Also I agree with the square taper for xc use. I run campy on my road bike and thats taper as well. It seems like when they went to splined they had to reduce bearing size and thus that impacted durability...and the new outboard bearings make for difficult chain lines. Funny thing is they did this when they went to 9-speed. This airborne is running 9 speed with the standard chainrings, square taper, and shifts better than any of my other bikes...and I'm running SRAM Rocket Shortys with Shimano derailleurs.

Doesn't it seem like crank choices just became very limited in the last few years? Can you even get a decent crank arm with standard rings (new) these days?


----------



## IF52 (Jan 10, 2004)

We sold quite a few of those way back when, and eventually stopped because we got tired of sending back broken ones for warranty. Sent back a few Race Face and and tons of Grafton too.


----------



## Eastcoaster (Feb 13, 2004)

*In your photo....*



DeeEight said:


> All three of the ones in the first pic are second generation, american made ones.
> 
> The cracked ones further down the page are first generations. I have the same version in silver also (but mine haven't cracked, though I did replace the spider retaining bolt a couple years ago, the original one sheared). You should be able to see the difference in the CNC miling between these two, first and second generation models of their XC cranks. .


What type of bashring is that? I run a Threshold bashring with a similar look. Thanks!


----------



## Eastcoaster (Feb 13, 2004)

*Sorry...Second Photo.*

The solid one. Thanks


----------



## DeeEight (Jan 13, 2004)

Kooka bashring.I own a half dozen of them, in different colors and bolt patterns (94, 110, and 104).


----------



## Bigwheel (Jan 12, 2004)

A friend here that was a pro racer had them years back and reffered to them as "Kreakas". 

Another vote for square taper in general. I never had any problems with them.


----------



## DeeEight (Jan 13, 2004)

A racer around here used and broke a lot of the first generation kooka parts, but he was one of those sandbagger types who did sport class all the time where he'd win when he should have been racing expert instead considering how often he raced and how much he kept greasing companies (like Kooka) for deals and sponsorships. He also lacked in finesse and technical skills (for the time period even) and tended to break stuff in general.

Incidently, and this isn't just about Kooka cranks but all CNC cranks of the period, we're talking about the durability of things that were made LIGHTER than anything shimano, sugino or suntour would have done. Regardless of it being CNC machined from billet or hot or cold forged in a press, it was basically all similar strength aluminium alloys being used. So obviously an M730 Deore XT or M900 XTR crank is going to be more durable than a Kooka or Raceface or Topline or Cook Bros or Grafton crank. The Shimano ones all used a LOT more aluminium in their construction. Shimano built for strength, not for weight weenism. 
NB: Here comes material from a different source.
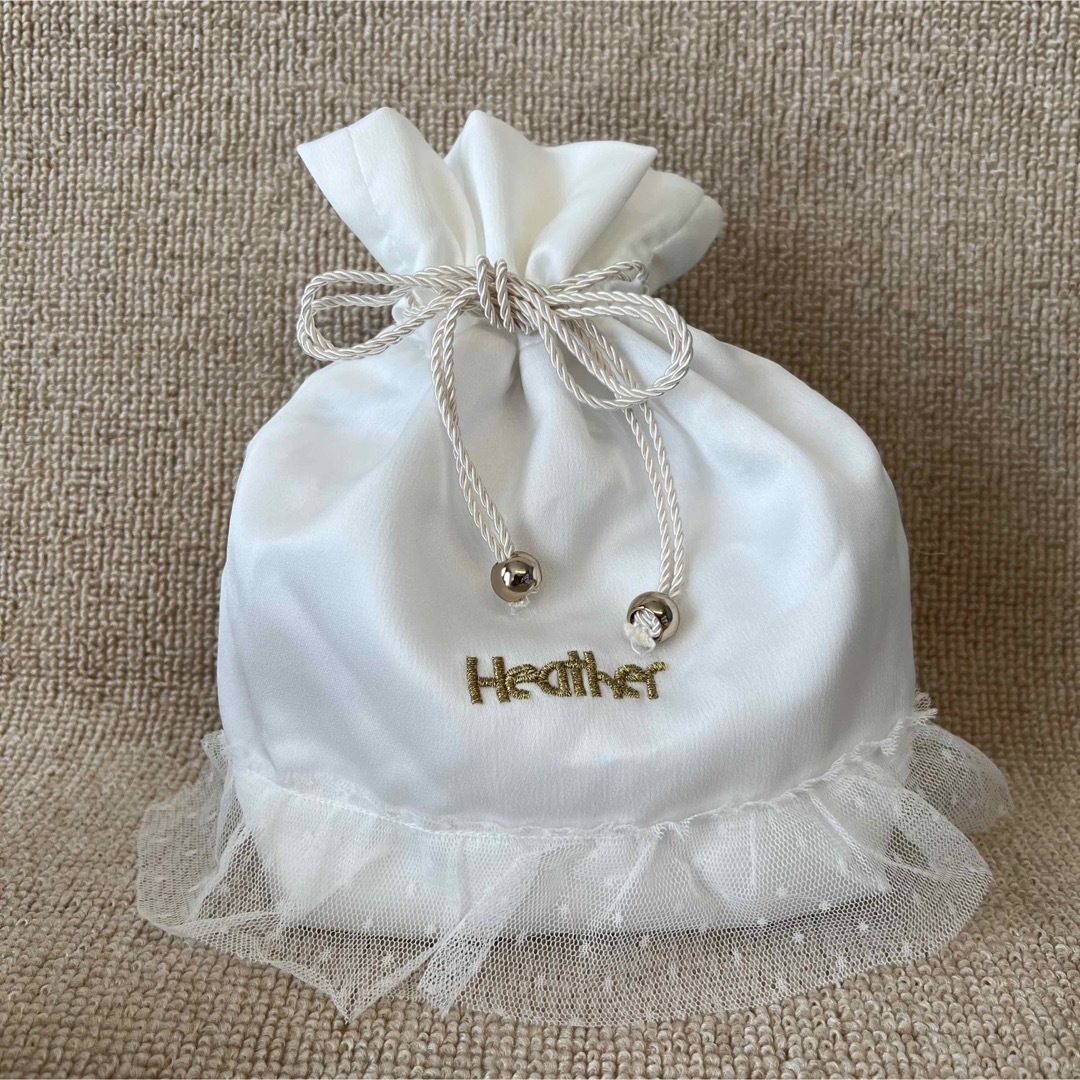 heather(ヘザー)の【新品】Heather.ホワイト巾着 レディースのファッション小物(ポーチ)の商品写真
The Deore XT cranks? 520 grams for 175mm arms. The Deore DX cranks? 565 grams. XTR with its slimmed down profile? 500 grams. Original Kooka Kranks? 385 grams. Graftons? 375 grams. Cook Bros RSR? 420 grams. RaceFace Turbine IBs ? 440 grams. 

How many of us can claim to have broken a DX, XT or XTR crank, or known anyone to do it, versus how many of us can claim the same for any of the above brands of CNC cranks.


----------



## IF52 (Jan 10, 2004)

You make a very good point DeeEight, though I do have to say we sent back out fair share of Deore cranks of various flavors, as well as XC Comp cranks. They would either snap in the middle or at the pedal hole. Rarely they would split the BB spindle hole, mostly the lower end products in those cases.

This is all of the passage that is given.